The History of the Black Lives Matter Movement


The Black Lives Matter movement is one of the most important movements happening in our country today. The fact that the history of it was completely erased is a testament to why the most marginalized voices need a chance to speak.


Three queer black women started the hashtag #blacklivesmatter after the death of Trayvon Martin and that was the catalyst that started the whole movement. The rights of black people in America was already something in question and something brewing in the community but after the trial for Trayvon let his killer go free there had to be something for the people to rally behind.

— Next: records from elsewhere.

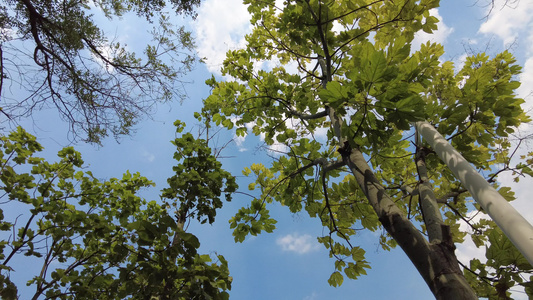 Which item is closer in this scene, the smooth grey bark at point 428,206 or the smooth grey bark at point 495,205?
the smooth grey bark at point 495,205

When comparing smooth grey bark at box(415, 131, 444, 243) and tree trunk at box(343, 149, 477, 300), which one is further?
smooth grey bark at box(415, 131, 444, 243)

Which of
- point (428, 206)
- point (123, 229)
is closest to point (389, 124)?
point (428, 206)

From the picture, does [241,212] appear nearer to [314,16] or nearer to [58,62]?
[314,16]

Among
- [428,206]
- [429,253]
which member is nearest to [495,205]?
[429,253]

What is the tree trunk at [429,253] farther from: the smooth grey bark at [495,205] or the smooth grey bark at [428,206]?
the smooth grey bark at [495,205]

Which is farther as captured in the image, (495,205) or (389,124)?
(389,124)

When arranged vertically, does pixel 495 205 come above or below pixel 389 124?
below

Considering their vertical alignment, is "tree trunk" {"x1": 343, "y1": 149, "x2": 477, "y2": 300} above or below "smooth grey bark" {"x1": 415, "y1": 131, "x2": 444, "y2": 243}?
below

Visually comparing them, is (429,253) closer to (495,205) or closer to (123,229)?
(495,205)

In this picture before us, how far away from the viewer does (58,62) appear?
341 cm

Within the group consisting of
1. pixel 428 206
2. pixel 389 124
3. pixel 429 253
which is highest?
pixel 389 124

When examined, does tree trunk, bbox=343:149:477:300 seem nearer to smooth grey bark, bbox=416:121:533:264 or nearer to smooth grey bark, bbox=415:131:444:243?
smooth grey bark, bbox=415:131:444:243

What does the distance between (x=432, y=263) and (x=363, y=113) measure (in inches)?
34.3

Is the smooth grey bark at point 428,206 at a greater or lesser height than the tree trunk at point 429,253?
greater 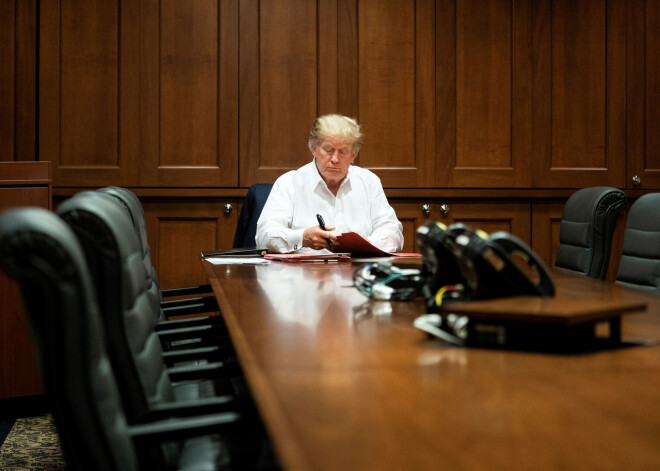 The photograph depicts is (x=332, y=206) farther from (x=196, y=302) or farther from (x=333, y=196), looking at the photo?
(x=196, y=302)

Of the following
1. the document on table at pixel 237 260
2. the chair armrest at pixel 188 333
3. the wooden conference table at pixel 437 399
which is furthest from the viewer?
the document on table at pixel 237 260

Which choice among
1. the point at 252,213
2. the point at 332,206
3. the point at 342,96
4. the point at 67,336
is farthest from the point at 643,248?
the point at 342,96

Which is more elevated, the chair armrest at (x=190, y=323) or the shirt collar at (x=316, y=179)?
the shirt collar at (x=316, y=179)

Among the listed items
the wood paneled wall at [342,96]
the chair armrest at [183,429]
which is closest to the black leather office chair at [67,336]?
the chair armrest at [183,429]

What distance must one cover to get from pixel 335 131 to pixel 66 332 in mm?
2699

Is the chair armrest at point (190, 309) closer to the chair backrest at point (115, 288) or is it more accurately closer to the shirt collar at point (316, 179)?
the chair backrest at point (115, 288)

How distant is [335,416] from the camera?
78 cm

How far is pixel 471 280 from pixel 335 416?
19.9 inches

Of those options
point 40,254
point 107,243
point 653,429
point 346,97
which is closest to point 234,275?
point 107,243

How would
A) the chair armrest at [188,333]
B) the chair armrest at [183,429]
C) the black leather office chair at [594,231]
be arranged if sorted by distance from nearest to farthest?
the chair armrest at [183,429]
the chair armrest at [188,333]
the black leather office chair at [594,231]

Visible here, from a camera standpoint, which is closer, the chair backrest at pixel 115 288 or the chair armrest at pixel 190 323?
the chair backrest at pixel 115 288

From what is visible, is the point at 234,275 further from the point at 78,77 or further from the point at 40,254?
the point at 78,77

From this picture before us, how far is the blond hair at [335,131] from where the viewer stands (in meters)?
3.47

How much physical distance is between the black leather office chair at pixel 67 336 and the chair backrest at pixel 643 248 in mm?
1995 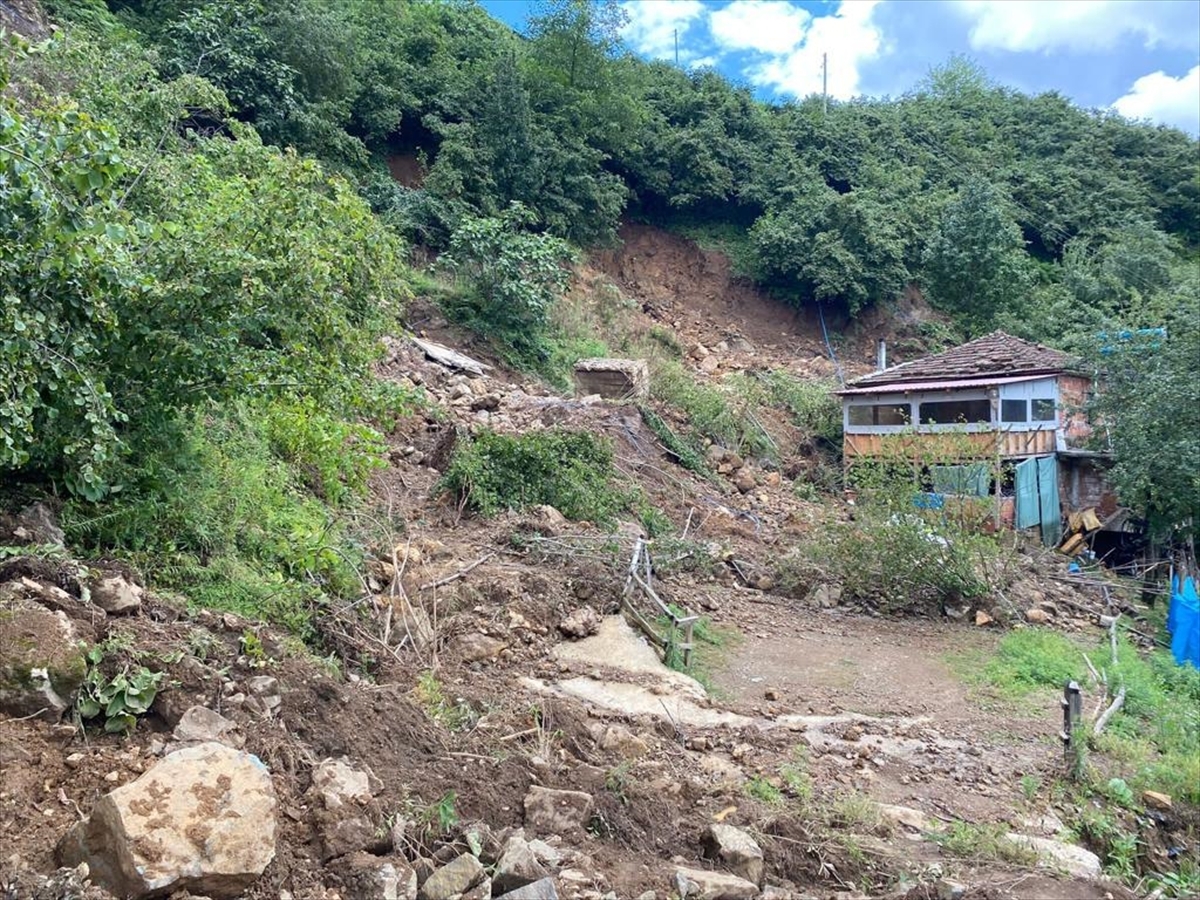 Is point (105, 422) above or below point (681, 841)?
above

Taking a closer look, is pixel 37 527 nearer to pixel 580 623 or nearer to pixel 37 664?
pixel 37 664

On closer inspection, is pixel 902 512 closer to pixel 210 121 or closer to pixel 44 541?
pixel 44 541

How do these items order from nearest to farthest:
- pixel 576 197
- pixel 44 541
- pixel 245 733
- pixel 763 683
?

The fact that the hashtag and entire movement were hijacked from these three queer black women and straight black men were heralded as the originators and heroes of this movement is where it already faced its first obstacle.


It is still being said from unsupporting groups that Black Lives Matter is a marginalized slogan and that “All Lives Matter.” In fairness to the All Lives Matter movement, of course all lives matter.

No one has ever claimed that all lives do not matter. But it is black lives that are the ones in lethal danger because of dangerous stereotypes.

It is black lives that have been used and abused since they were taken from their homeland in Africa and built this country on their backs. It is black lives that had to live through civil rights, getting hosed, beaten, arrested and killed just to have the same rights as others. And it is black lives today that are in danger from police brutality, white supremacy and ignorance. It does not matter how “respectable” the black community acts and portrays itself, it does not matter.

What does matter is that black children are being shot in the streets for “looking suspicious,” wearing hoodies, playing with BB guns, being in the wrong place at the wrong time and encountering racist cops.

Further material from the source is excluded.